Conduitry · 2021-10-06T19:10:10Z

Regarding the ESLint plugin benefiting from this: I'm not sure what that would look like exactly, but unless it were a synchronous API (which the existing preprocessor API is not), it couldn't be used in ESLint, where all plugins need to run synchronously.

dummdidumm · 2021-10-07T08:20:40Z

The parser itself is synchronous and could help ESLint etc to for example find out where the top level script/style tags are - which is why I asked if we could split this PR into two, one for the parser itself because it would be immediately useful in itself, and the preprocessing changes independent of that.

baseballyama · 2021-11-30T09:59:19Z

I may not understand something regarding this PR.
However, I have a small idea for finding top-level <script> / <style> tag.
So I'm posting it.
I'm sorry if I'm saying fundamentally wrong or any considerations were omitted.

I think this process could be made easier by adding a rule that <script>/ <style> tags must always be at the beginning of a line.
This is breaking changes but I don't think it will affect most users.
And I wrote about how to notice it to affected users at the bottom.

This way, perhaps only regular expressions, or a very simple parser that is completely language-independent, will be able to extract each part correctly.

The below (maybe only) case doesn't handle properly, but I think it's enough to put it in the documentation because this is a super edge case.

<sctipt>.
  const str = `
<script>
  const hoge = "hoge";
</script>
`;
</script>

It would be nice to have some kind of warning and a way to disable it (like ) in case a user unintentionally writes an invalid <script> / <style> tag.

And to do this, we need to traverse an entire code before separating it for finding <script> / <style> tags that are not at the beginning of a line.
Is there currently a mechanism for this?

By the way,
For the part that extracts expressions, for example, if user use pug, the notation will be as follows.
(Just I copied from web.)
if statements doesn't have {, }.
Therefore current parser may doesn't run as expected if my understand is correct.

 ul
   +if('posts && posts.length > 1')
     +each('posts as post')
       li
         a(rel="prefetch" href="blog/{post.slug}") {post.title}
     +else()
       span No posts :boom:

bluwy · 2021-12-04T09:31:39Z

@baseballyama I'm not sure if checking for <script> at the first of line would be a robust solution.

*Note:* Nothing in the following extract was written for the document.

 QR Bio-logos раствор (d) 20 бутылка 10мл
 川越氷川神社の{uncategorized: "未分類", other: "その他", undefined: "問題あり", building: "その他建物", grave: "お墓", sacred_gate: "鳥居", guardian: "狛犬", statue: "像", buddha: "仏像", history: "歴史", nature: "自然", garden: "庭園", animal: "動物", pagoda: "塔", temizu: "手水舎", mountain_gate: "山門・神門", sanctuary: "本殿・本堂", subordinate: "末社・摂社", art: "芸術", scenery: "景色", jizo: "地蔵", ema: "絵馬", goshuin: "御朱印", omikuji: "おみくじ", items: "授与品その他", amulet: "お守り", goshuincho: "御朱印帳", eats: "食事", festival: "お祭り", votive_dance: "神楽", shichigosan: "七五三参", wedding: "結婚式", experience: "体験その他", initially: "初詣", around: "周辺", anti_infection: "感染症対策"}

The format of the code shouldn't change its semantic meaning, so I think a simple parser would work better here.

Re pug, it shouldn't be an issue since the parser would always run on pure Svelte code. Pug would be preprocessed into html before Svelte parses it.

baseballyama · 2021-12-04T14:58:38Z

@bluwy

Thank you for your comment!

I'm not sure if checking for <script> at the first of line would be a robust solution. The format of the code shouldn't change its semantic meaning, so I think a simple parser would work better here.

I add an additional explanation of my idea.

Point1

This is just IMO, but the parser doesn't know anything other than <script> / </script> and <style> / </style> strings before splitting them into script and style and markup parts.
This is because it doesn't know what language is used.
Thus, the parser needs to rely only on the <script> / </script> string and the <style> / </style> string for parsing.

According to GitHub issues, Svelte users sometimes write <script> or <style> strings inside <script> or <style> or markup part.
However, there doesn't seem to be a case for writing them at the beginning of a line.
This is because there is a context that it is a real <script> / <style> tag.

Point2

From another perspective, I think we can recognize <script> and <style> not as HTML tags, but just separators that represent sections of a .svelte file.
Then it is ergonomically natural to write the separator at the beginning of the line, like # in markdown.

For these two reasons, it may make sense to introduce the rule of my idea,
But anyway, if it is true that this rule can simplify the parsing process, I thought it would be a good idea to consider it.
And if the maintainers think that a simple parser is better, of course, I will follow it!

Re pug, it shouldn't be an issue since the parser would always run on pure Svelte code. Pug would be preprocessed into html before Svelte parses it.

For instance, I had understood that there is a use case where language-tools want to use this before pre-processing.
Sorry if I'm wrong. (I need to learn more about it.😅)
And I totally agree with you about the Svelte compiler, I don't think it will be a problem since it is already pre-processed.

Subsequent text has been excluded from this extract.